I worked in mobiles for 7 years until end 2006. there were several reasons I left the industry, but as a system test engineer for protocol stacks (whose job ended up in china, I might add) the quality of the software going out of the door made me wince.
i mean, it was pathetic. actual protocol stacks going out the door with known bugs in. as for the rest of the phones, well, worse.
nokia are particularly awful for putting out half finished firmware, but SE are just as bad. it's the major reason I'm using a p990: the thing sat in a drawer for 2 months after I bought it and i checked SE fora for news on better firmware. now it's good and i've been using it solidly for 20 months.
i knew blackberry was on a downward curve after using my wife's one: fonts all over the place, badly drawn dialogs-how can companies expect to get away with this stuff?
the whole mobile phone industry has gone insane trying to pack too much in too fast without properly testing it, and the project management which co-ordinates it all is almost always pathetic with a lack of joined-up thinking.
now, I work for a tetra radio company: mission-critical devices which, first and foremost, have to work: and which have lifecycles measured in years.
and it feels so good to work for a company that makes quality digital comms devices.
the mobile industry should stop, take stock and back off.

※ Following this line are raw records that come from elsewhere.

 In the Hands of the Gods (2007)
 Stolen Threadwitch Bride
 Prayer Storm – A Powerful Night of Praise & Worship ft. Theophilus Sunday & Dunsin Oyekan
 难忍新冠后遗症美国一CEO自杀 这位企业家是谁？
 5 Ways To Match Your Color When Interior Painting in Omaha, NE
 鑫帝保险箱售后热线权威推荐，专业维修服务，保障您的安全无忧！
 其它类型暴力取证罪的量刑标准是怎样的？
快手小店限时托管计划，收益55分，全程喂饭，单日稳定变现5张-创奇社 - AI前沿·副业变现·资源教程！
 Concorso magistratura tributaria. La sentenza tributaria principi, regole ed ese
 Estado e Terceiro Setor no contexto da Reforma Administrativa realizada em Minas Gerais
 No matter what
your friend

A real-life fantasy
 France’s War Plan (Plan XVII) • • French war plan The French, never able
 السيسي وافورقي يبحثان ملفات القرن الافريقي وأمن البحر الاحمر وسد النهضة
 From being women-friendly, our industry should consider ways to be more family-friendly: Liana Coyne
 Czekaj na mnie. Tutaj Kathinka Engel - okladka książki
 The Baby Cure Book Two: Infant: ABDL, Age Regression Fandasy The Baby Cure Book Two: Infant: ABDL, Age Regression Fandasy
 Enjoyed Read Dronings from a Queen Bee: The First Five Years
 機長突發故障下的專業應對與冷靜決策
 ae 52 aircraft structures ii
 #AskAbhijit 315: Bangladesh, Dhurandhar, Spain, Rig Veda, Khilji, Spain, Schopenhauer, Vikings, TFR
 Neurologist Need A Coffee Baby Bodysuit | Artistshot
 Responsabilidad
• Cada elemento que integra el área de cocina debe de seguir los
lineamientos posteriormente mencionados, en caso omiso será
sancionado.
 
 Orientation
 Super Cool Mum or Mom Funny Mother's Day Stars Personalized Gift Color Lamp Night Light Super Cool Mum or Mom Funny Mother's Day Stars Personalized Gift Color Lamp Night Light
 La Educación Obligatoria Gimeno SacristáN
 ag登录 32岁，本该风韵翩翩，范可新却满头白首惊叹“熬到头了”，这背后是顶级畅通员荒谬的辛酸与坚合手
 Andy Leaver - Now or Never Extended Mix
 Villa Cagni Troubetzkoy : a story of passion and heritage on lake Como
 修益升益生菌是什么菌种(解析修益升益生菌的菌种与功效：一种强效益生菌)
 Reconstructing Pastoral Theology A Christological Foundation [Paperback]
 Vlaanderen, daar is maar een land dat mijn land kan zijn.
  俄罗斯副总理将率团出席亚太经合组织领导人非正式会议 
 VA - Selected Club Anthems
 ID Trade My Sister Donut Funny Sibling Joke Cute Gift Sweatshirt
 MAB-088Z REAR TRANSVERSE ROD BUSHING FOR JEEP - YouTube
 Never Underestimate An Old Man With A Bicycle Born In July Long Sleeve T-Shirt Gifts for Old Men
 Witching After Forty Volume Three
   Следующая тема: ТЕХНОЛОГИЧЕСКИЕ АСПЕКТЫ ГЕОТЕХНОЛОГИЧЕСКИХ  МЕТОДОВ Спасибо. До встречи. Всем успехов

Seems to me that the mobiles are only following the computer industries lead of writing crap and rushing it to market even though they knew it was still buggy (any flavour windoze comes to mind).
Mine's the one with the long antenna!
Quality Assurance is Dead
What a pitiful admission. Had to rush it out the door so we did so even though we knew it
was substandard and bug filled. Makes you want to rush out and buy one. Would you trust
their next product to be any better. I think not.
Bollocks, pure and utter bollocks. I've had several buggy phones, and by time you have bought the phone, or been locked into your new contract the telco's don't care, and say deal with it. I bought a samsung u600 once with my renewed contract from Tmobile, loved the phone, hated the firmware - it crashed constantly, you couldn't turn off the full sms tone after SENDING messages (very annoying in office), and worst of all it was branded tmobile everywhere. I updated it, voiding the warranty, using the generic firmware floating around the net, only to find the official firmware was just as crap. Eventually (few months) I gave up, bought a second hand N95.... which was buggy again, but I then flashed with latest firmware released by Nokia, which didn't void the warranty this time, and it was perfect, didn't have a single crash, battery life was improved, menus and application stability was improved, gps locking was great... so I stuck with that phone for about 18 months until I shifted from tmobile and their crappy custom firmware's, and to o2.... ok, so I went for an iPhone (I was getting the £35 unlimited data contract anyway) so I just got that out of interest.
Phone works fine, most stable phone I've had from initial firmware, but I'm missing the missing features I got in older phones, such as streaming music over bluetooth (saved me money on cd's in the car, as it is bluetooth unit with ability to control music player on the phone), and being able to pass images over bluetooth.... oh, and being able to spell in proper english.... every time I type in realise it tries to correct me, the cheeky b*stards.... I selected English, not merkin!!
Paris - because once upon a time I considered getting the Sidekick... and tmobile laughing at me in store when I asked about it, and them not selling it at the time in uk was possibly the best thing they ever did for me...
It's an ...........
iPhone Killer isn't it?
I've had an iPhone for a couple of years and, for my use, wouldn't touch any other make. For me (stupid as I am) simplicity is the key. If there are any bugs I don't know about them because they've never affected me. I agree wholeheartedly with Ian Davies.
It seems to me that other manufacturers still haven't cottoned-on to what makes (for me and probably for most people) a good mobile phone ... it's the WAY it works. I hope other manufacturers do eventually make something with the ease of use of an iPhone because competition is good for the industry. But they haven't yet.